The good thing about cycling across a desert is that you can make a nice hot batch of tea without even getting your stove out. All you have to do is put tea bags in one of the many extra bottles of water you’ve strapped to your bike and let the inescapable heat do the rest. That is about the only positive there is to it. There are, however, far more negatives.
With the endless Russian Steppe to the north, ISIS to the south, and Iran not currently granting visas to British independent travellers, the road ahead was not one of choice. My only way to cycle into Central Asia was to take the boat across the Caspian Sea and then cross the northern edges of the Karakum Desert in Kazakhstan before heading back south into Uzbekistan and its epic medieval Silk Road cities. Khiva, Bukhara, and Samarkand beckoned but beforehand lay quite a challenge because the road across this sparsely populated part of the world had a reputation. It had previously been dubbed the “worst road in the world” due to endless desolate landscape, few sources of water, relentless heat, and a terrible surface (basically a dirt track). When I set off from Aktau, this “road” ominously lay out before me and I felt genuinely worried about the 5 days it would take me to get to oasis town (relatively speaking) of Beyneu.
I was going to use this post to stress what an adventure it was. To be sure, it was: I’ve never seen experienced such splendid isolation, nor so many stars in the night sky. The way the desert looked in the early mornings was awe inspiring and the generosity of passing drivers, who regularly passed water and food (and vodka) through the windows from their air conditioned cars, was life-affirming.
The challenge and experiences of cycling across the desert made it a bit of an adventure. But when I look back on it, all I feel is that cycling across the Kazakh desert is boring and unnecessary.
The relentless march of progress has reached this remote corner of Kazakhstan, too. The dirt tracks are slowing being resurfaced with silky smooth asphalt, taming the sense of adventure that came with the bumpy, quiet roads that lured many masochistic long distance cycle tourists. About 3/5 of the road surface was unpleasant and 2/5 of better road was just boring, given that you couldn’t be entertained by avoiding the piles of sand that consumes half your wheel, brings you to a halt, and usually topples you off your bike.

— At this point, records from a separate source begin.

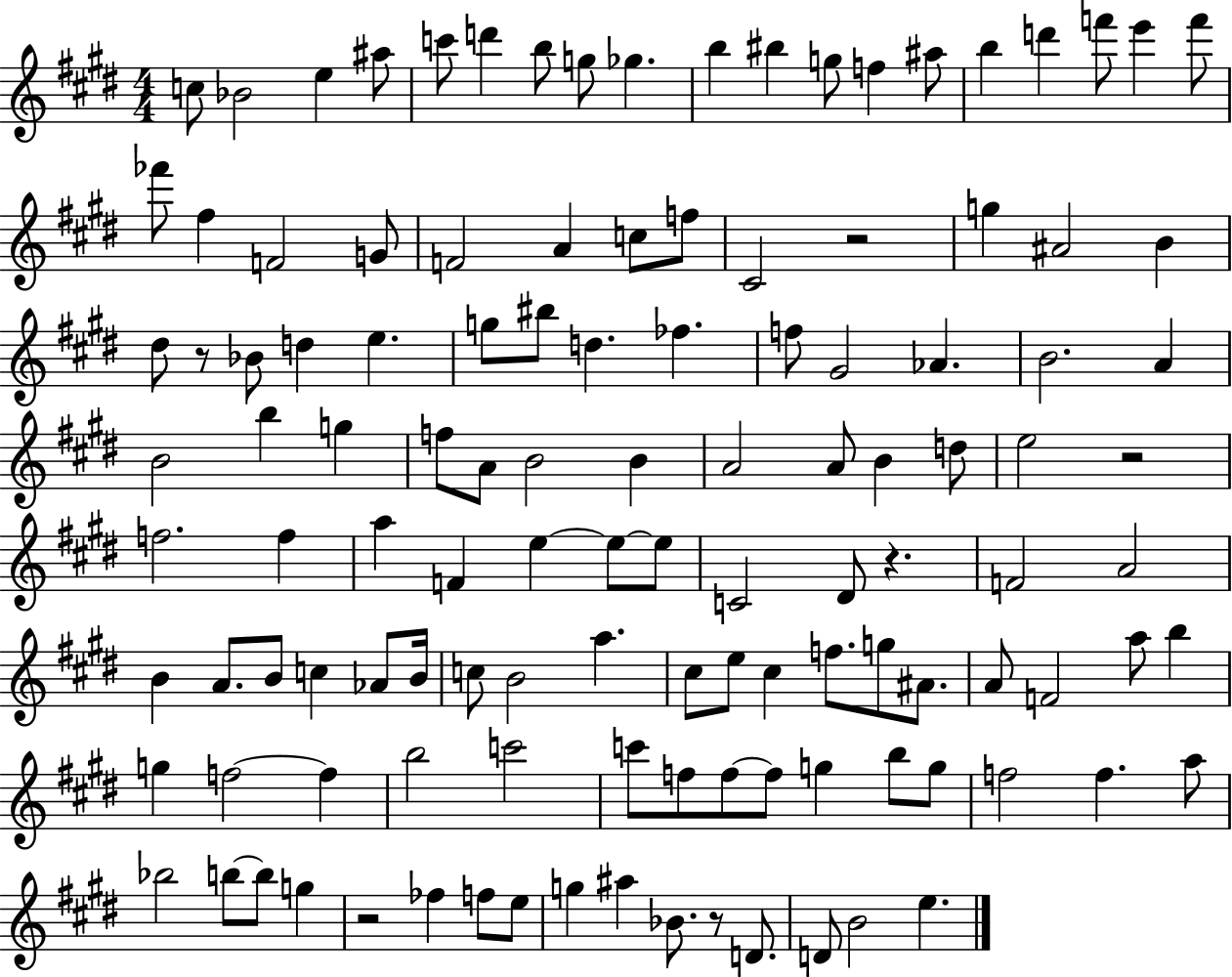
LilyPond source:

{
  \clef treble
  \numericTimeSignature
  \time 4/4
  \key e \major
  c''8 bes'2 e''4 ais''8 | c'''8 d'''4 b''8 g''8 ges''4. | b''4 bis''4 g''8 f''4 ais''8 | b''4 d'''4 f'''8 e'''4 f'''8 | \break fes'''8 fis''4 f'2 g'8 | f'2 a'4 c''8 f''8 | cis'2 r2 | g''4 ais'2 b'4 | \break dis''8 r8 bes'8 d''4 e''4. | g''8 bis''8 d''4. fes''4. | f''8 gis'2 aes'4. | b'2. a'4 | \break b'2 b''4 g''4 | f''8 a'8 b'2 b'4 | a'2 a'8 b'4 d''8 | e''2 r2 | \break f''2. f''4 | a''4 f'4 e''4~~ e''8~~ e''8 | c'2 dis'8 r4. | f'2 a'2 | \break b'4 a'8. b'8 c''4 aes'8 b'16 | c''8 b'2 a''4. | cis''8 e''8 cis''4 f''8. g''8 ais'8. | a'8 f'2 a''8 b''4 | \break g''4 f''2~~ f''4 | b''2 c'''2 | c'''8 f''8 f''8~~ f''8 g''4 b''8 g''8 | f''2 f''4. a''8 | \break bes''2 b''8~~ b''8 g''4 | r2 fes''4 f''8 e''8 | g''4 ais''4 bes'8. r8 d'8. | d'8 b'2 e''4. | \break \bar "|."
}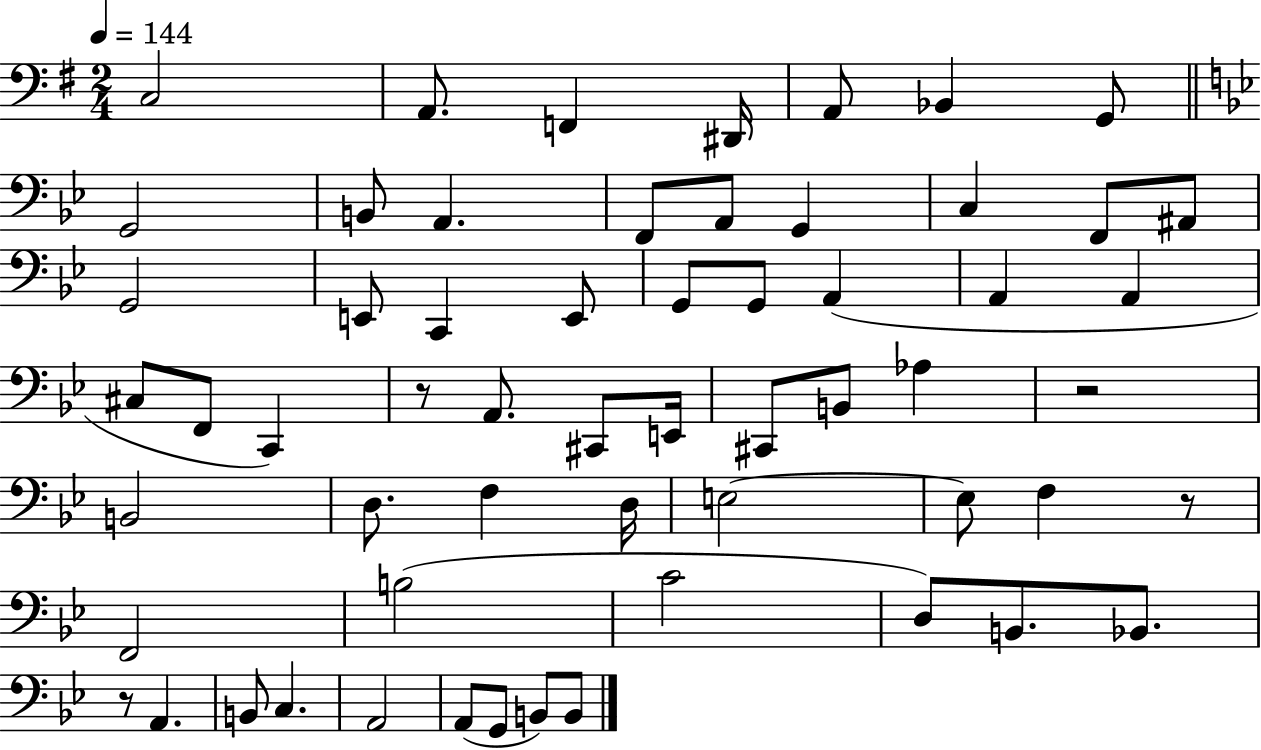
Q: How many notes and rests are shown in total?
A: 59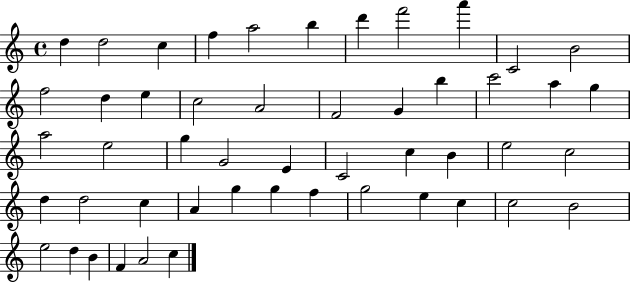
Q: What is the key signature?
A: C major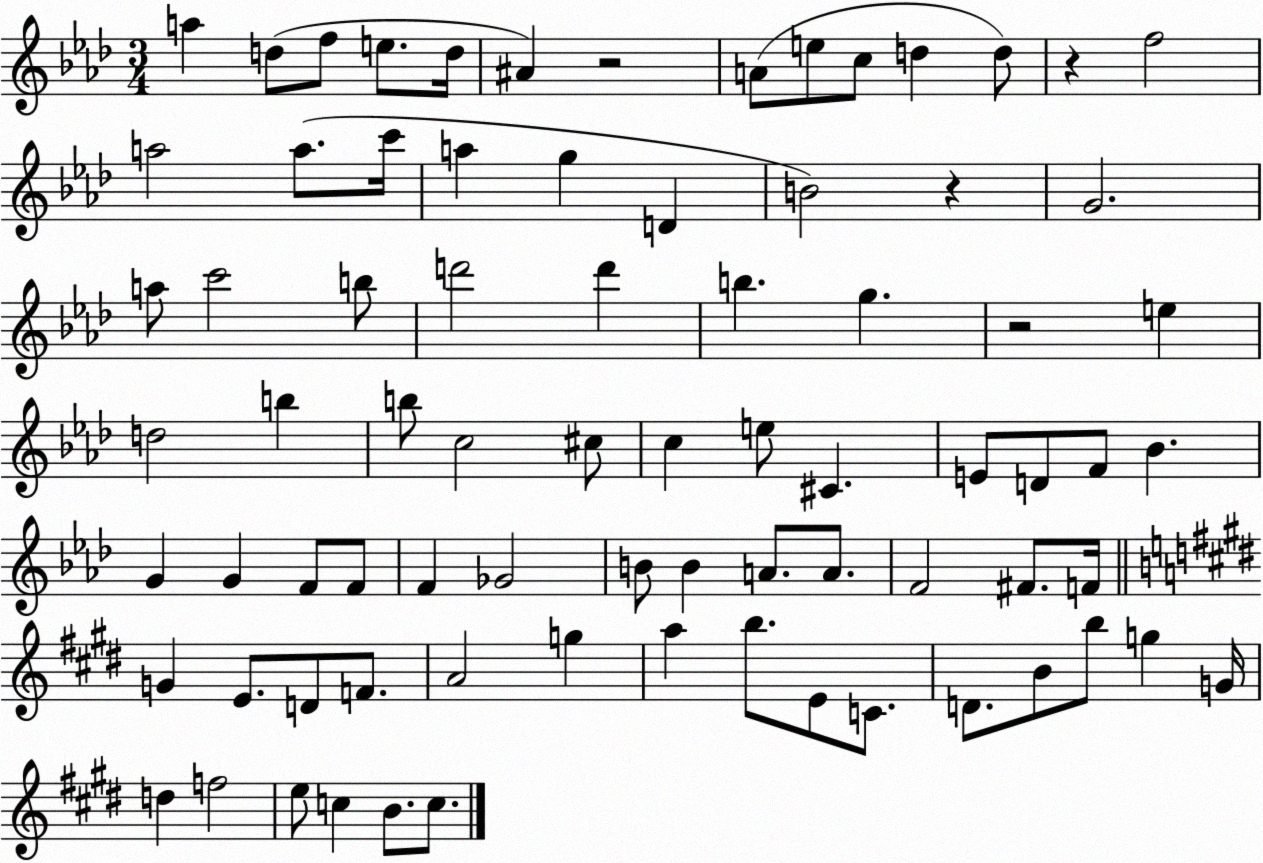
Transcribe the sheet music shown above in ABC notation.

X:1
T:Untitled
M:3/4
L:1/4
K:Ab
a d/2 f/2 e/2 d/4 ^A z2 A/2 e/2 c/2 d d/2 z f2 a2 a/2 c'/4 a g D B2 z G2 a/2 c'2 b/2 d'2 d' b g z2 e d2 b b/2 c2 ^c/2 c e/2 ^C E/2 D/2 F/2 _B G G F/2 F/2 F _G2 B/2 B A/2 A/2 F2 ^F/2 F/4 G E/2 D/2 F/2 A2 g a b/2 E/2 C/2 D/2 B/2 b/2 g G/4 d f2 e/2 c B/2 c/2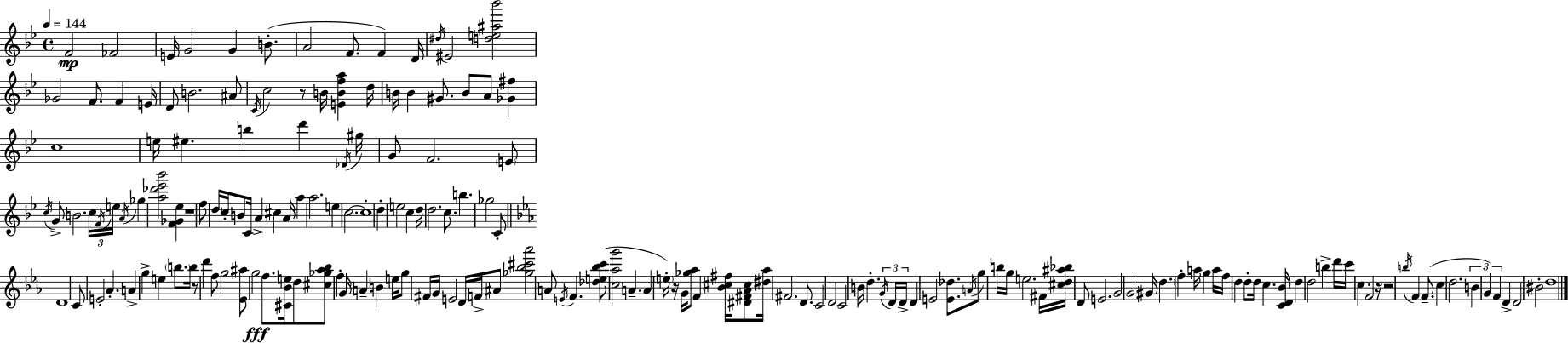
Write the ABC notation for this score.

X:1
T:Untitled
M:4/4
L:1/4
K:Bb
F2 _F2 E/4 G2 G B/2 A2 F/2 F D/4 ^d/4 ^E2 [de^a_b']2 _G2 F/2 F E/4 D/2 B2 ^A/2 C/4 c2 z/2 B/4 [EBfa] d/4 B/4 B ^G/2 B/2 A/2 [_G^f] c4 e/4 ^e b d' _D/4 ^g/4 G/2 F2 E/2 c/4 G/2 B2 c/4 F/4 e/4 A/4 _g [a_d'_e'_b']2 [F_G_e] z4 f/2 d/4 c/4 B/2 C/4 A ^c A/4 a a2 e c2 c4 d e2 c d/4 d2 c/2 b _g2 C/2 D4 C/2 E2 _A A g e b/2 b/4 z/2 d' f/2 g2 [_E^a]/2 g2 f/2 [^C_Be]/4 d/2 [^c_g_a_b]/2 f G/4 A B e/4 g/2 ^F/4 G/4 E2 D/4 F/4 ^A/2 [_g_b^c'_a']2 A/2 E/4 F [_de_bc']/2 [c_ag']2 A A e/4 z/4 G/4 [_g_a]/2 F [_B^c^f]/4 [^D^F_A^c]/2 [^d_a]/4 ^F2 D/2 C2 D2 C2 B/4 d G/4 D/4 D/4 D E2 [E_d]/2 A/4 g/2 b/4 g/4 e2 ^F/4 [^cd^a_b]/4 D/2 E2 G2 G2 ^G/4 d f a/4 g a/4 f/4 d d/2 d/4 c [CD_B]/4 d d2 b d'/4 c'/4 c F2 z/4 z2 b/4 F F/2 c d2 B G F D D2 ^B2 d4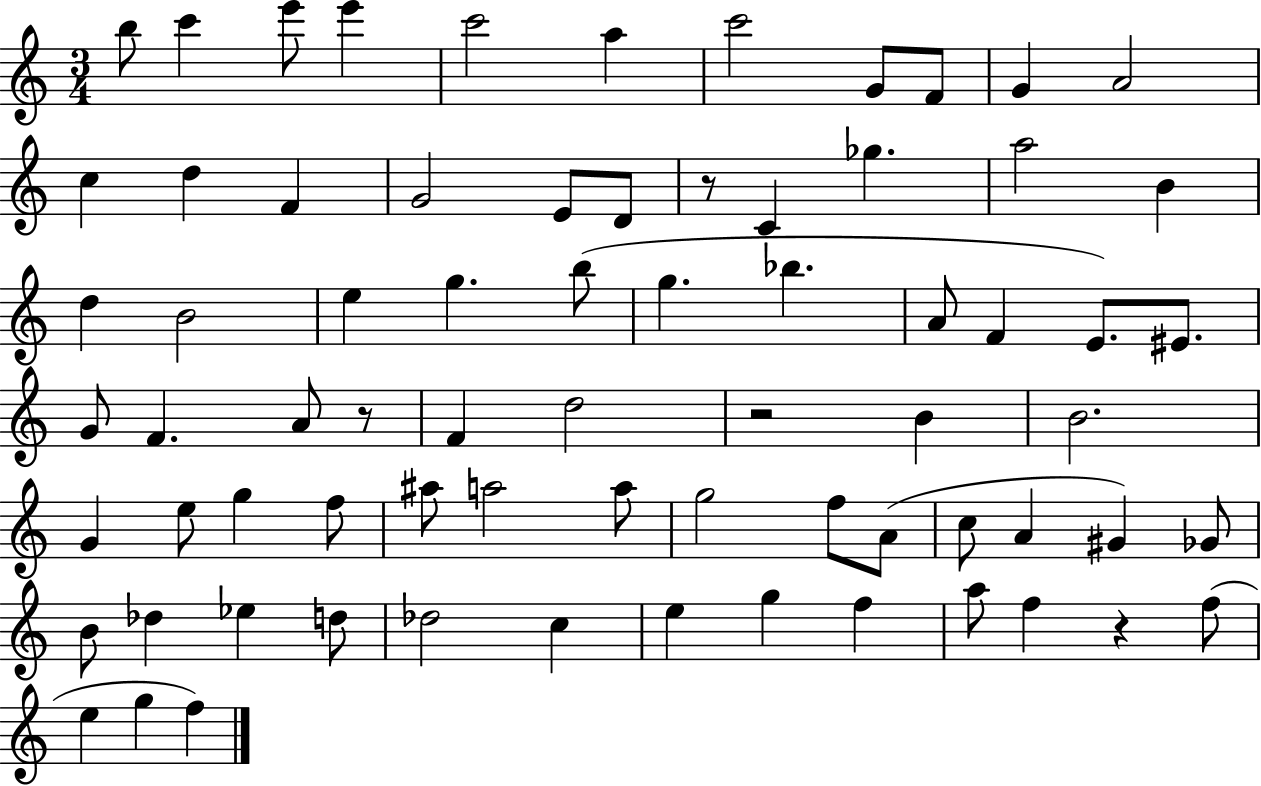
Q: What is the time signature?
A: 3/4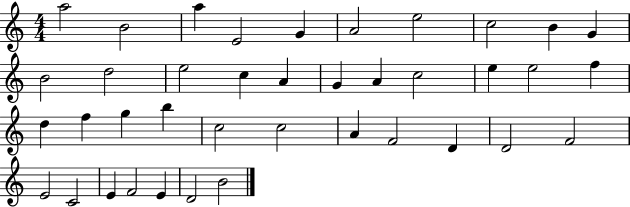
A5/h B4/h A5/q E4/h G4/q A4/h E5/h C5/h B4/q G4/q B4/h D5/h E5/h C5/q A4/q G4/q A4/q C5/h E5/q E5/h F5/q D5/q F5/q G5/q B5/q C5/h C5/h A4/q F4/h D4/q D4/h F4/h E4/h C4/h E4/q F4/h E4/q D4/h B4/h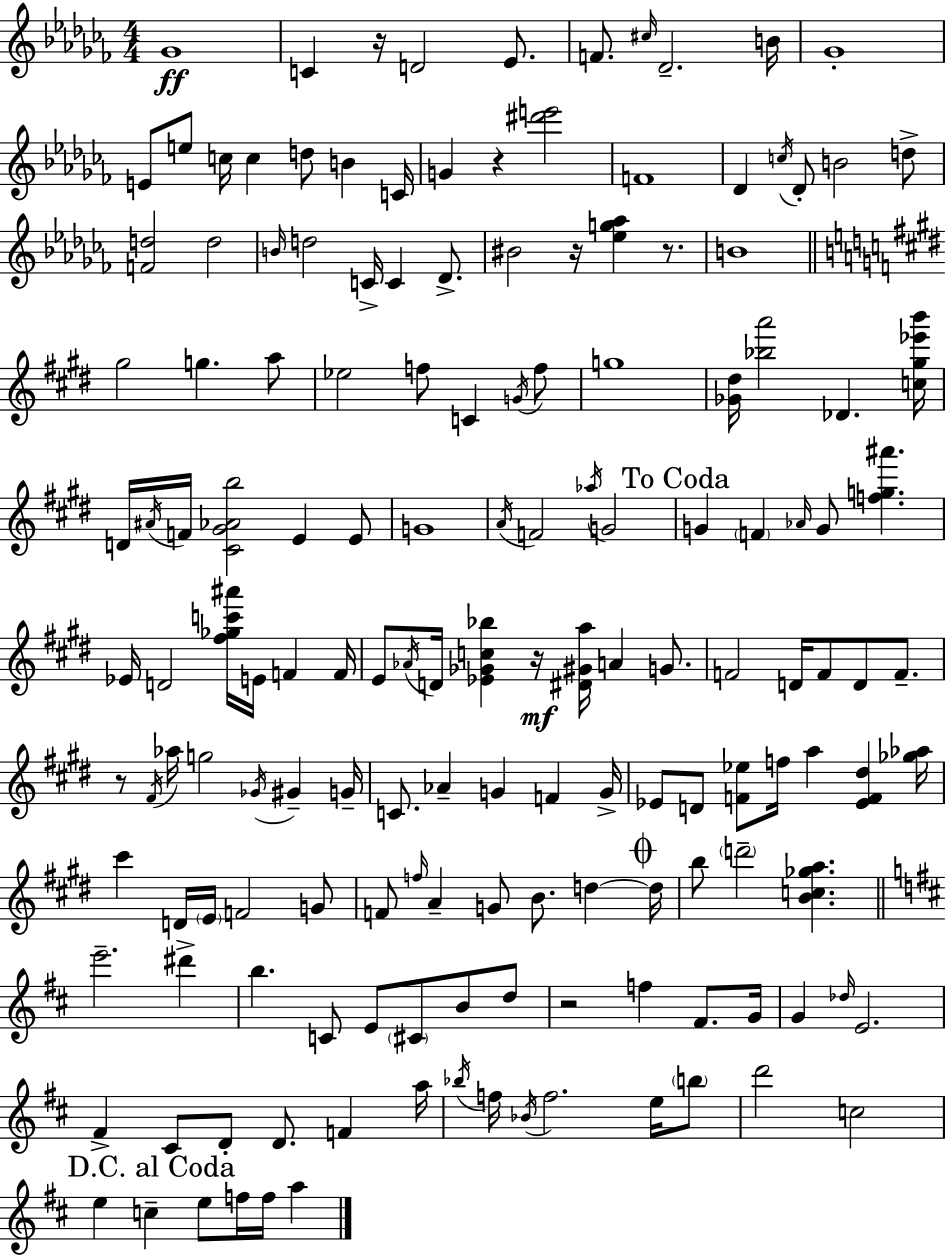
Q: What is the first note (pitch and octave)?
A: Gb4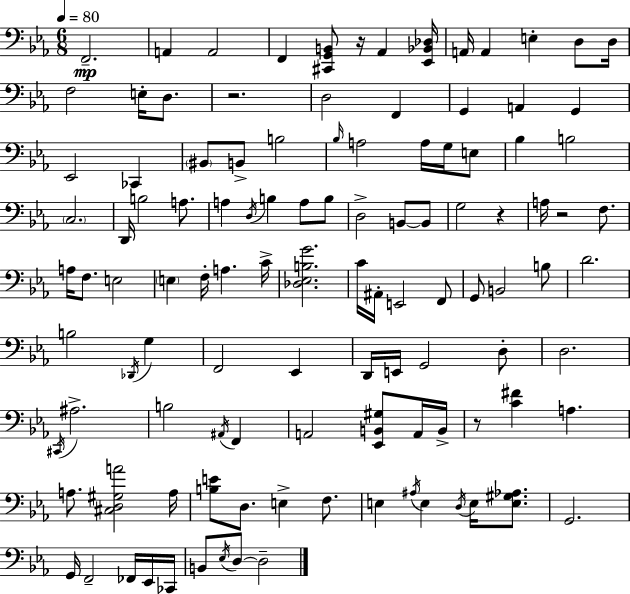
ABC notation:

X:1
T:Untitled
M:6/8
L:1/4
K:Cm
F,,2 A,, A,,2 F,, [^C,,G,,B,,]/2 z/4 _A,, [_E,,_B,,_D,]/4 A,,/4 A,, E, D,/2 D,/4 F,2 E,/4 D,/2 z2 D,2 F,, G,, A,, G,, _E,,2 _C,, ^B,,/2 B,,/2 B,2 _B,/4 A,2 A,/4 G,/4 E,/2 _B, B,2 C,2 D,,/4 B,2 A,/2 A, D,/4 B, A,/2 B,/2 D,2 B,,/2 B,,/2 G,2 z A,/4 z2 F,/2 A,/4 F,/2 E,2 E, F,/4 A, C/4 [_D,_E,B,G]2 C/4 ^A,,/4 E,,2 F,,/2 G,,/2 B,,2 B,/2 D2 B,2 _D,,/4 G, F,,2 _E,, D,,/4 E,,/4 G,,2 D,/2 D,2 ^C,,/4 ^A,2 B,2 ^A,,/4 F,, A,,2 [_E,,B,,^G,]/2 A,,/4 B,,/4 z/2 [C^F] A, A,/2 [^C,D,^G,A]2 A,/4 [B,E]/2 D,/2 E, F,/2 E, ^A,/4 E, D,/4 E,/4 [E,^G,_A,]/2 G,,2 G,,/4 F,,2 _F,,/4 _E,,/4 _C,,/4 B,,/2 _E,/4 D,/2 D,2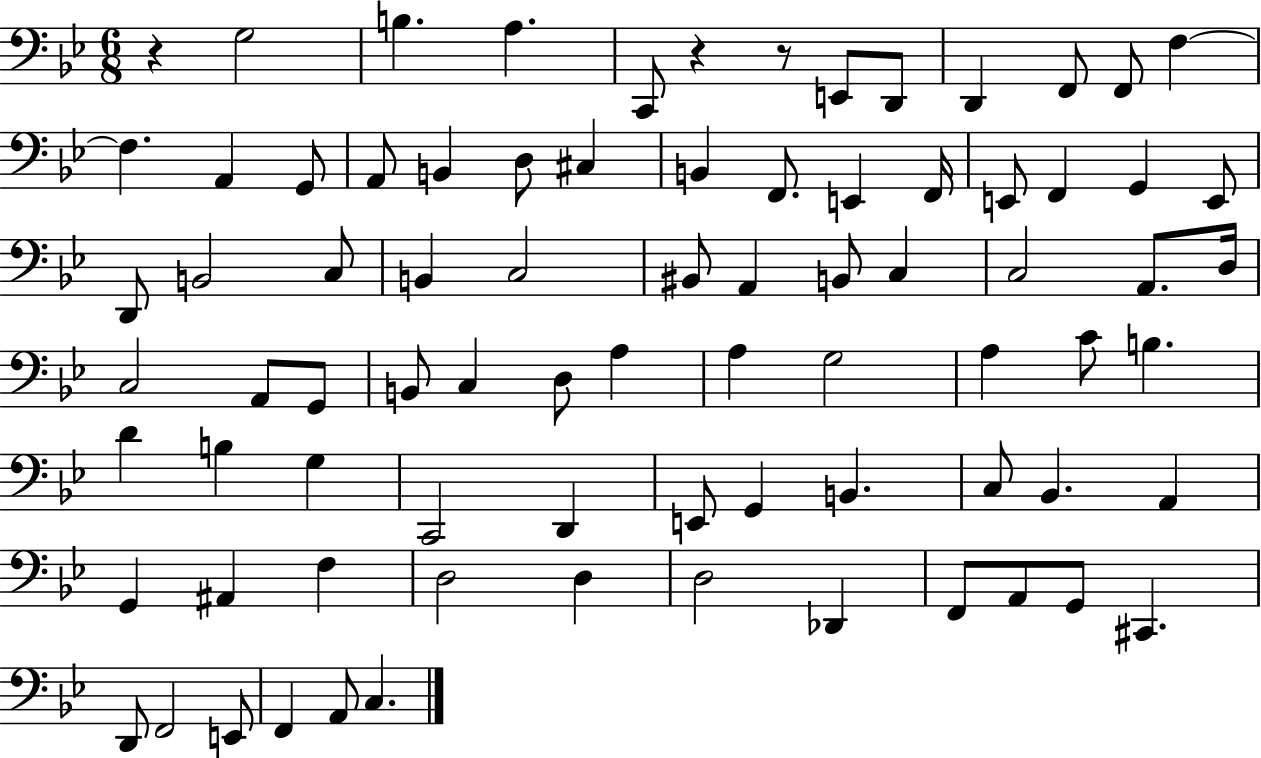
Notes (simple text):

R/q G3/h B3/q. A3/q. C2/e R/q R/e E2/e D2/e D2/q F2/e F2/e F3/q F3/q. A2/q G2/e A2/e B2/q D3/e C#3/q B2/q F2/e. E2/q F2/s E2/e F2/q G2/q E2/e D2/e B2/h C3/e B2/q C3/h BIS2/e A2/q B2/e C3/q C3/h A2/e. D3/s C3/h A2/e G2/e B2/e C3/q D3/e A3/q A3/q G3/h A3/q C4/e B3/q. D4/q B3/q G3/q C2/h D2/q E2/e G2/q B2/q. C3/e Bb2/q. A2/q G2/q A#2/q F3/q D3/h D3/q D3/h Db2/q F2/e A2/e G2/e C#2/q. D2/e F2/h E2/e F2/q A2/e C3/q.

The heat was unpleasant but its main worst feature of it wasn’t physical. You have no choice but to somehow get out of the worst of the 45 degree heat and that ruled out cycling between 12 and 5pm. As such, cycling across the desert involved as much time waiting as it did on the saddle. Trying to take an afternoon nap in a drainage ditch wasn’t the adventure I was looking for; it was just boring. If you’re lucky enough to find a chaihana around midday, you can then at least down litres of ice cold coke or ice tea (or both) and then nurse your water baby for a couple of hours as you lounge around on the elevated platforms with a bunch of hungover or drunk (or both) truck drivers.
The landscape was also boring. Except for a stunning bit of scenery 100km from Shetpe, the rest of the flat, dusty, dry landscape offered little outstanding natural beauty to help pass the time or make it feel like this part of the world was worth riding through. For the final two days, the only thing that broke the backdrop of endless, horizontal steppe was a set of telegraph poles. Think of it as a shit desktop background. It looked nice against the rising sun, though.
And finally there was the wind, which was as boring as the other things I have ranted about. The exhausting headwinds slowed me down to almost walking pace and forced me to spend longer amount of time amongst the boring, desolate part of the world, looking at boring scenery and riding on a boring road. Occasionally you get a little bit of fun with a side wind and can pass the time by concentrating on remaining upright and in a straight line without veering into a passing truck.
So on arrival in Beynu I really struggled to feel a sense of achievement for cycling all the way. It was boring and I fear that when the new road is completed (apparently next year, one engineer told me) it will be even more boring.
So here’s some advice to anyone thinking of coming this way: Get the train. Cycle a day or two of it so you can enjoy a sunrise and a shot of two of inapproately-timed vodka. Then hitch a ride. Spend your time and money (it’s expensive here!) in better parts of the world.
After reuniting with some other cyclists I met in Baku and with 300km of the same, straight, flat, hot, asphalt ahead of us, we decided to do just that use the time gained to explore what’s left of the Aral Sea instead.